:: What you will do ::
Your reply should reproduce all the data below exactly while excluding the pictures.

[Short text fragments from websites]

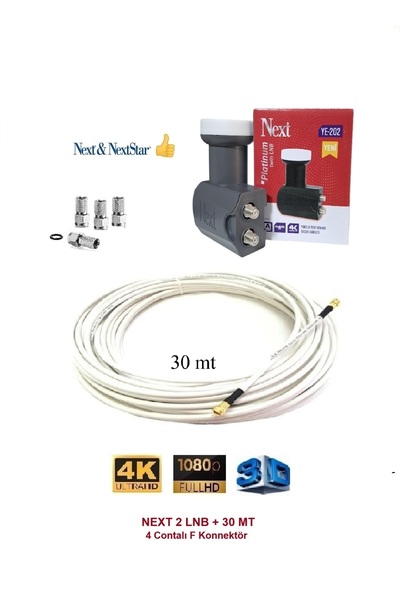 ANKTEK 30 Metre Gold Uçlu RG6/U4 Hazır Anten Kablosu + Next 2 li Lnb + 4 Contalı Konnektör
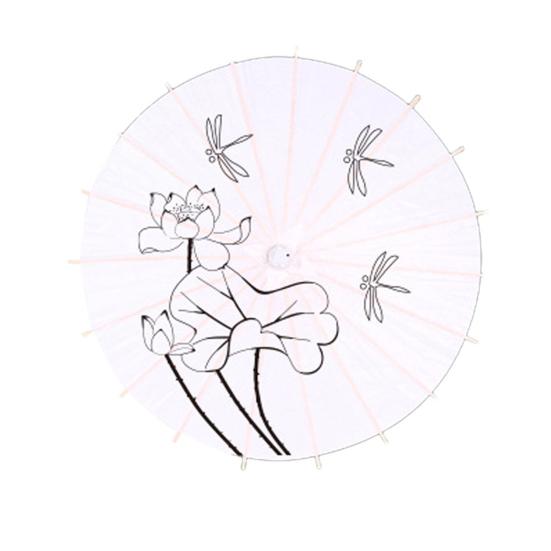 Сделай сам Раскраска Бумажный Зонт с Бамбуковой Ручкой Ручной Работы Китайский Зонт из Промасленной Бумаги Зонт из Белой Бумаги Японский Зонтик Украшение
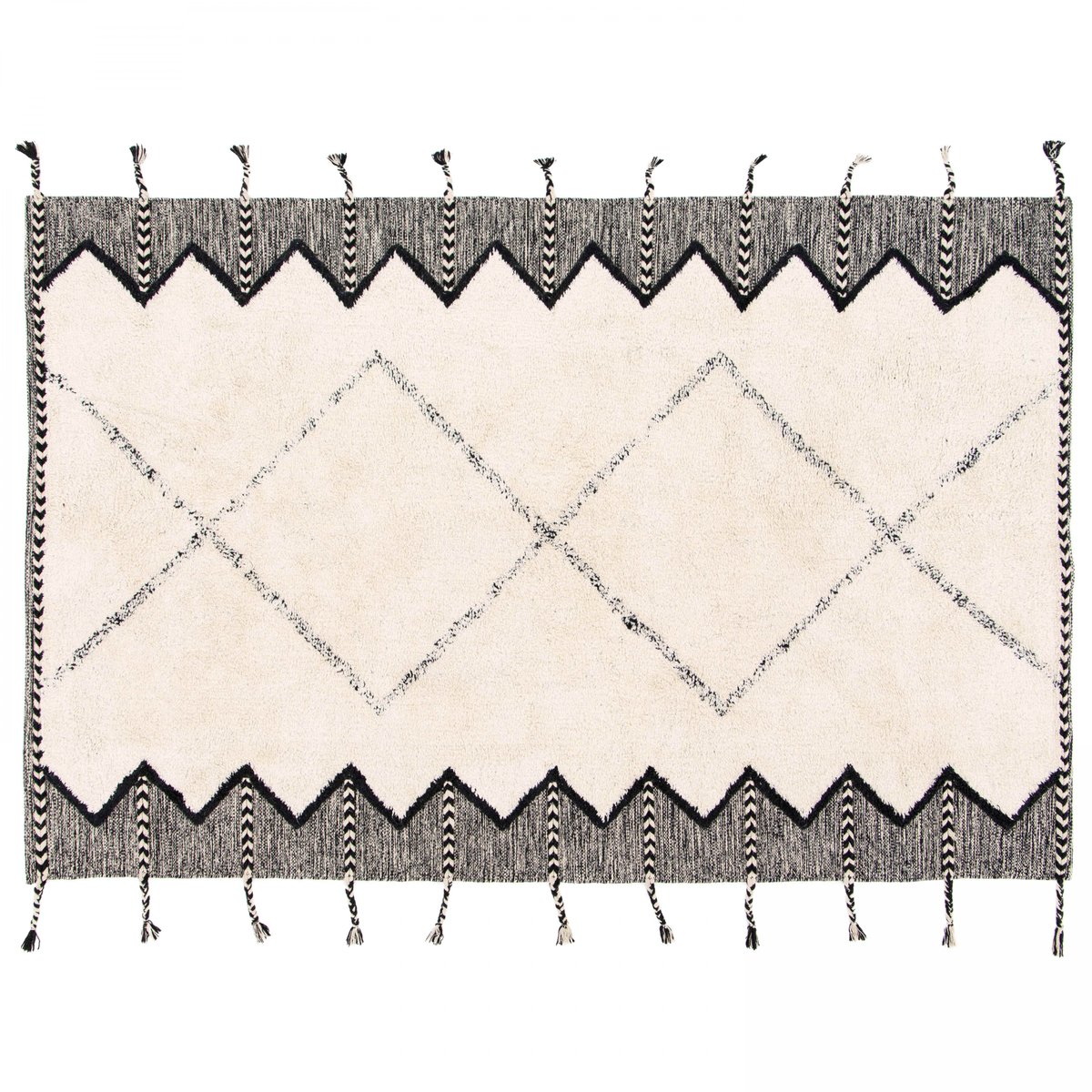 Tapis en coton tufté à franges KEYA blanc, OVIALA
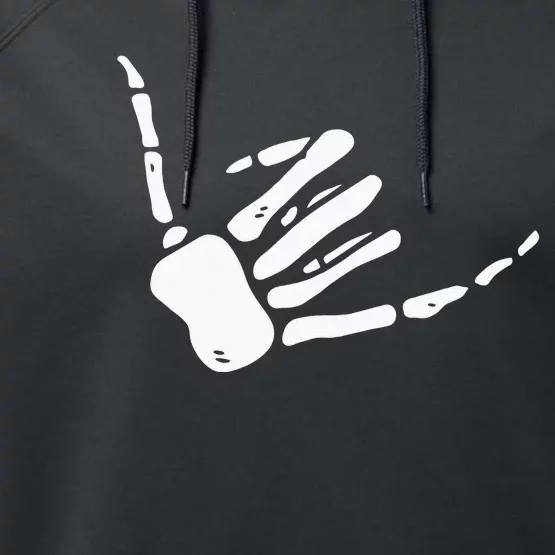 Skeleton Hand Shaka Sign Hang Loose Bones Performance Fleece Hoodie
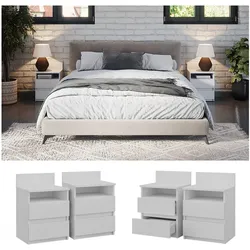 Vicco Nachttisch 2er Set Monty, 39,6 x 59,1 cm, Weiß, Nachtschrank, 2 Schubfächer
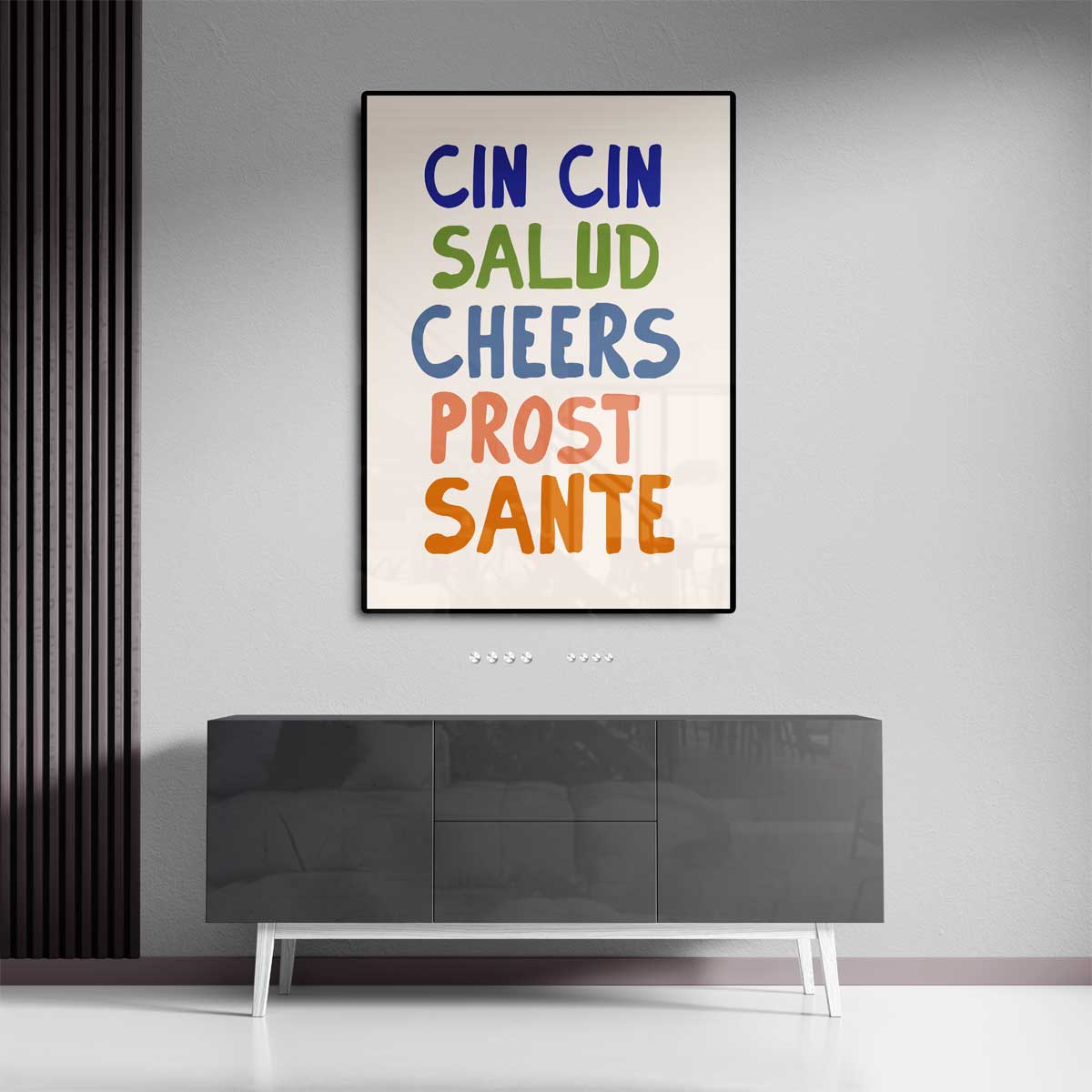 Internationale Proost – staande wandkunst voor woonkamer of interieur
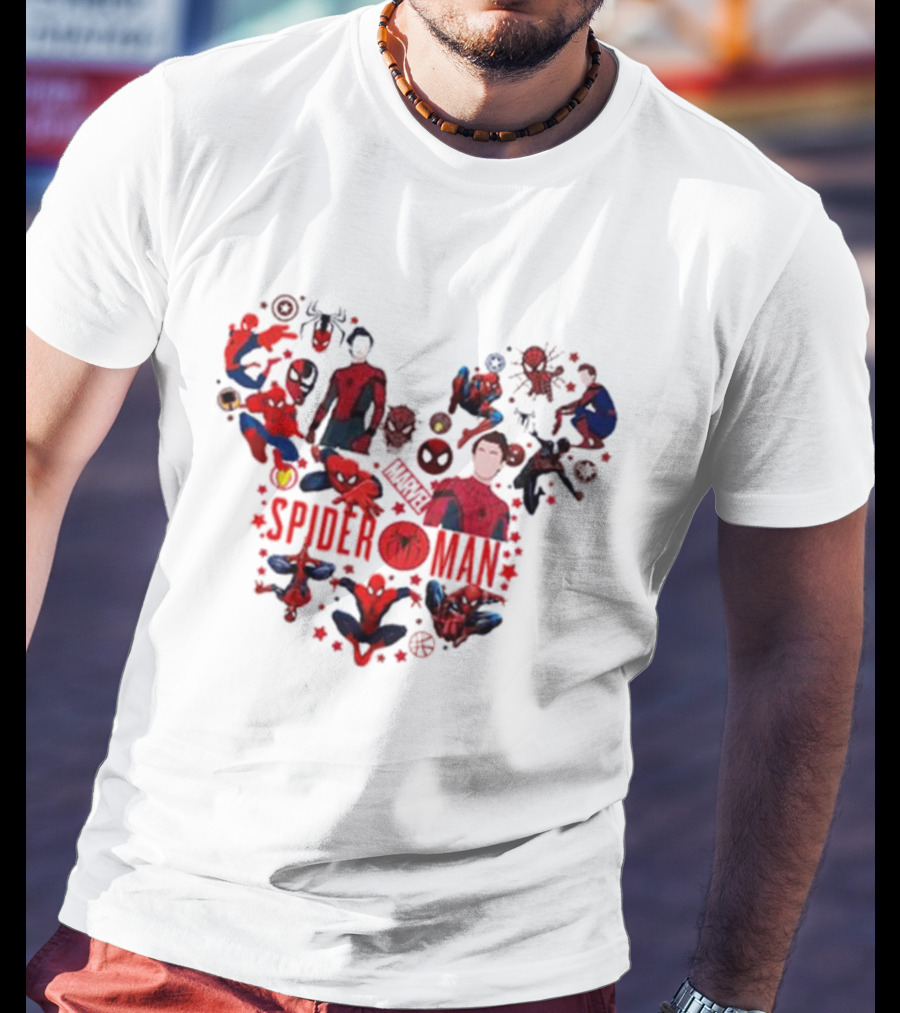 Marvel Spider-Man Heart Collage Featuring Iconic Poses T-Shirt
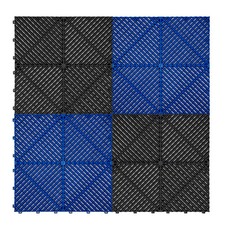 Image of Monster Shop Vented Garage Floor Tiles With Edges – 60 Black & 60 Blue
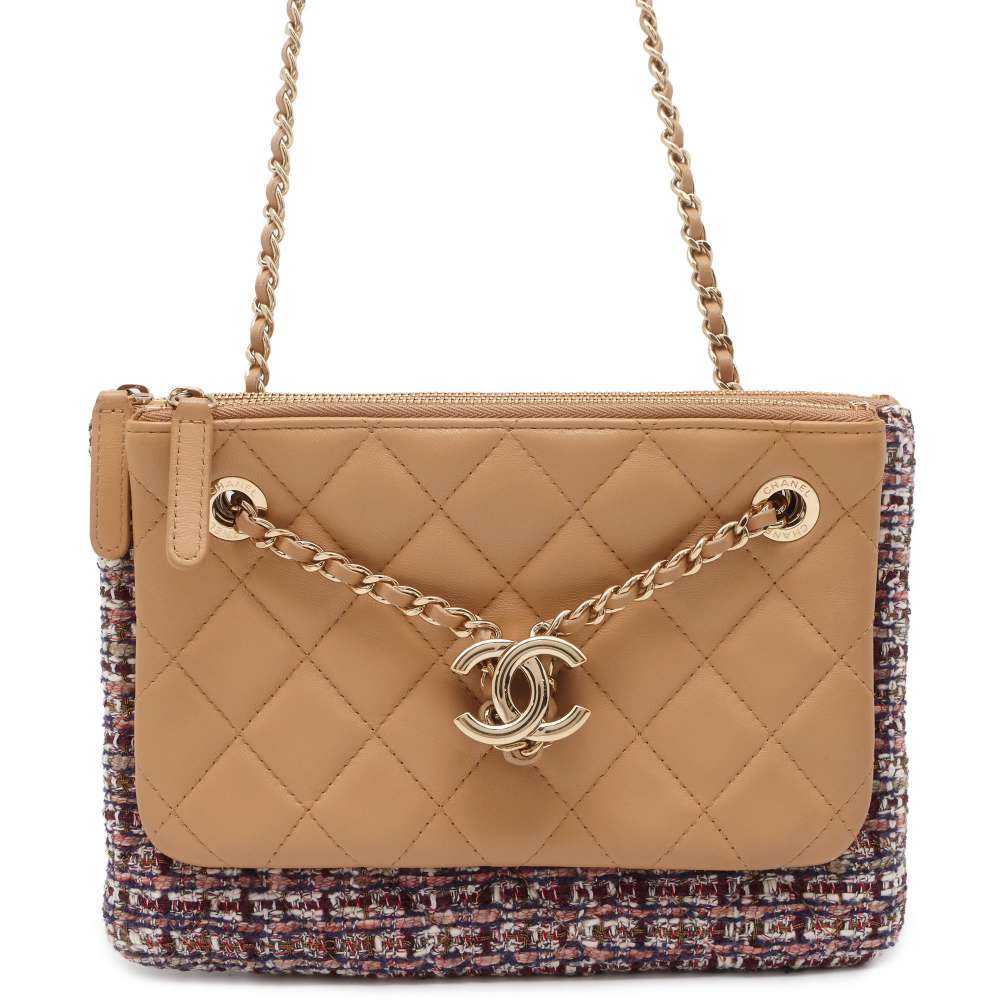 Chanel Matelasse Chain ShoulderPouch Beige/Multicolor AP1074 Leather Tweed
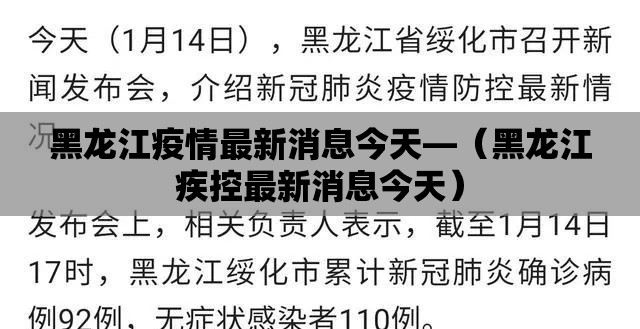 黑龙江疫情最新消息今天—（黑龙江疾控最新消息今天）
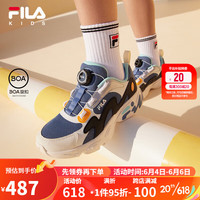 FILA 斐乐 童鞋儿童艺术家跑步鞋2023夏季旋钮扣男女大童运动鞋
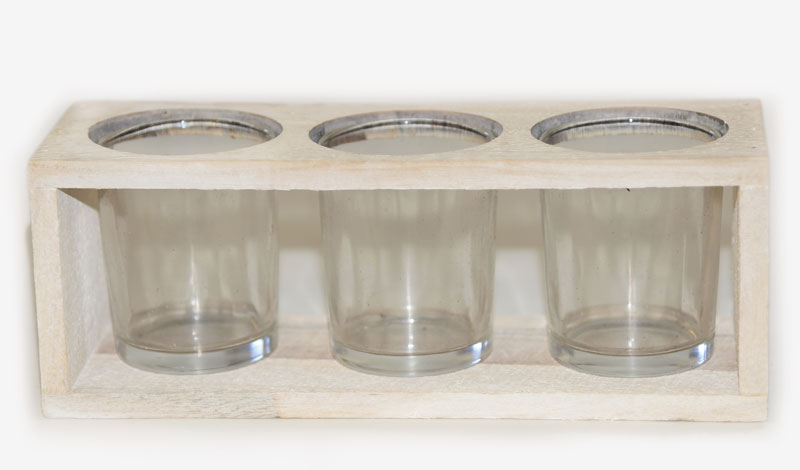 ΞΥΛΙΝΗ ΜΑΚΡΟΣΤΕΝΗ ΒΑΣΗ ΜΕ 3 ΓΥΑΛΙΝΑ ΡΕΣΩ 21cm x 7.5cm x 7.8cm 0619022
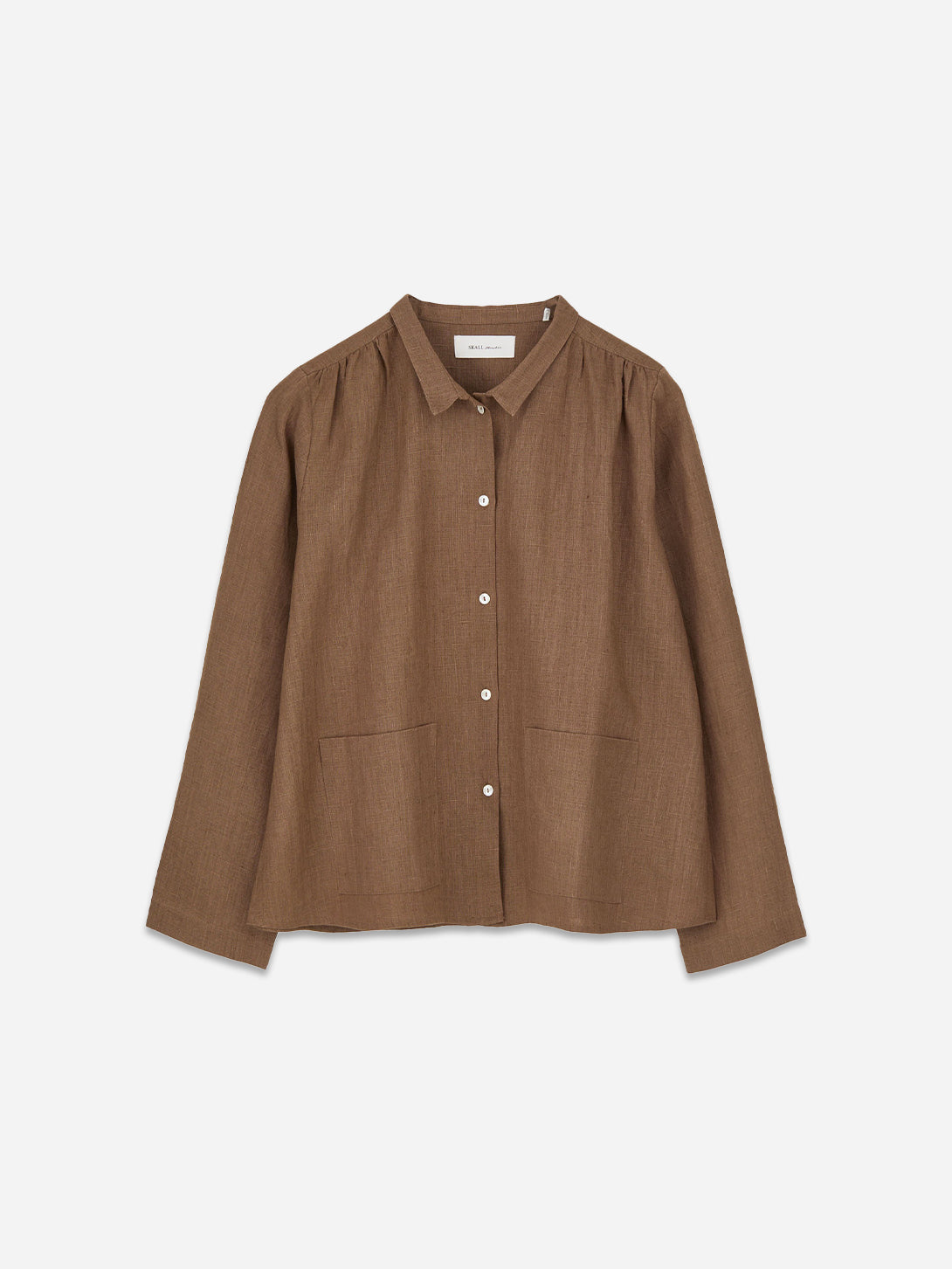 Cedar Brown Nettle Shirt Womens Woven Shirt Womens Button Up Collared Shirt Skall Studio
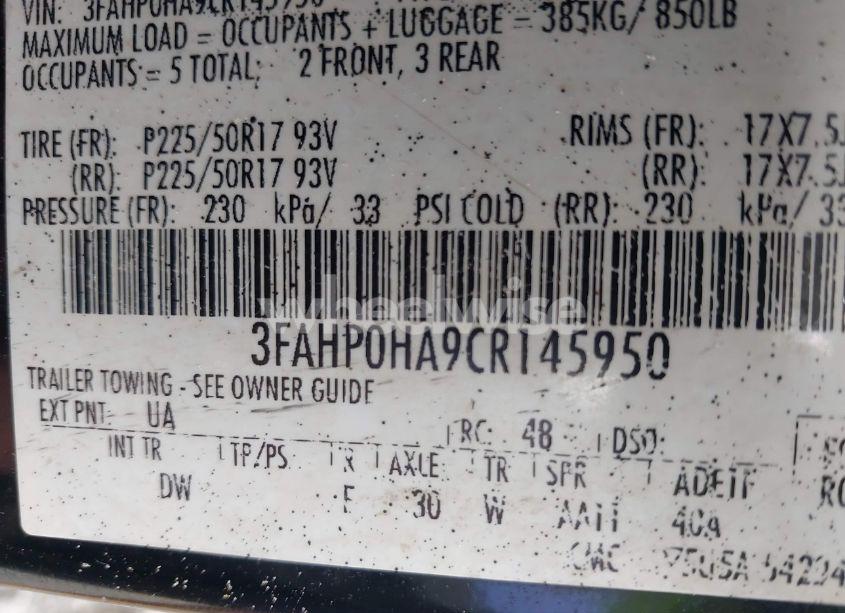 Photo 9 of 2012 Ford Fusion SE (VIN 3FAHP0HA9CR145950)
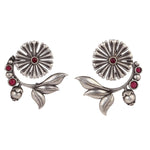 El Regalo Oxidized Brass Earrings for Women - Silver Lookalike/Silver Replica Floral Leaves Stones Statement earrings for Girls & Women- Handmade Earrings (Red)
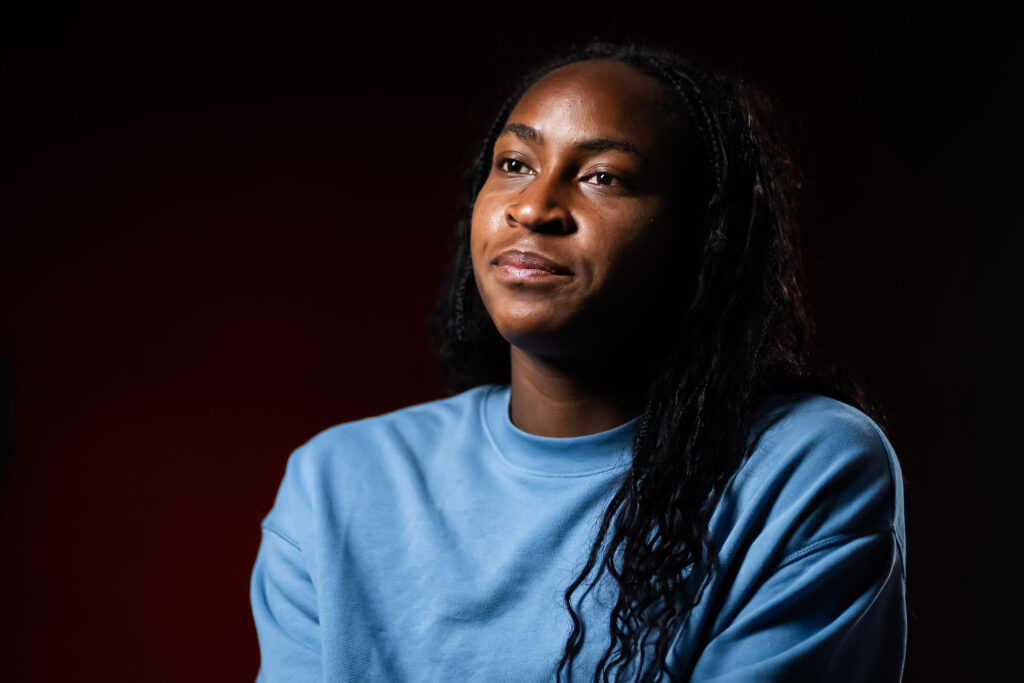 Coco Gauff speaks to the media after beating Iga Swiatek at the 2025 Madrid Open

:: Response to the task ::
 ANKTEK 30 Metre Gold Uçlu RG6/U4 Hazır Anten Kablosu + Next 2 li Lnb + 4 Contalı Konnektör
 Сделай сам Раскраска Бумажный Зонт с Бамбуковой Ручкой Ручной Работы Китайский Зонт из Промасленной Бумаги Зонт из Белой Бумаги Японский Зонтик Украшение
 Tapis en coton tufté à franges KEYA blanc, OVIALA
 Skeleton Hand Shaka Sign Hang Loose Bones Performance Fleece Hoodie
 Vicco Nachttisch 2er Set Monty, 39,6 x 59,1 cm, Weiß, Nachtschrank, 2 Schubfächer
 Internationale Proost – staande wandkunst voor woonkamer of interieur
 Marvel Spider-Man Heart Collage Featuring Iconic Poses T-Shirt
 Image of Monster Shop Vented Garage Floor Tiles With Edges – 60 Black & 60 Blue
 Chanel Matelasse Chain ShoulderPouch Beige/Multicolor AP1074 Leather Tweed
 黑龙江疫情最新消息今天—（黑龙江疾控最新消息今天）
 FILA 斐乐 童鞋儿童艺术家跑步鞋2023夏季旋钮扣男女大童运动鞋
 ΞΥΛΙΝΗ ΜΑΚΡΟΣΤΕΝΗ ΒΑΣΗ ΜΕ 3 ΓΥΑΛΙΝΑ ΡΕΣΩ 21cm x 7.5cm x 7.8cm 0619022
 Cedar Brown Nettle Shirt Womens Woven Shirt Womens Button Up Collared Shirt Skall Studio
 Photo 9 of 2012 Ford Fusion SE (VIN 3FAHP0HA9CR145950)
 El Regalo Oxidized Brass Earrings for Women - Silver Lookalike/Silver Replica Floral Leaves Stones Statement earrings for Girls & Women- Handmade Earrings (Red)
 Coco Gauff speaks to the media after beating Iga Swiatek at the 2025 Madrid Open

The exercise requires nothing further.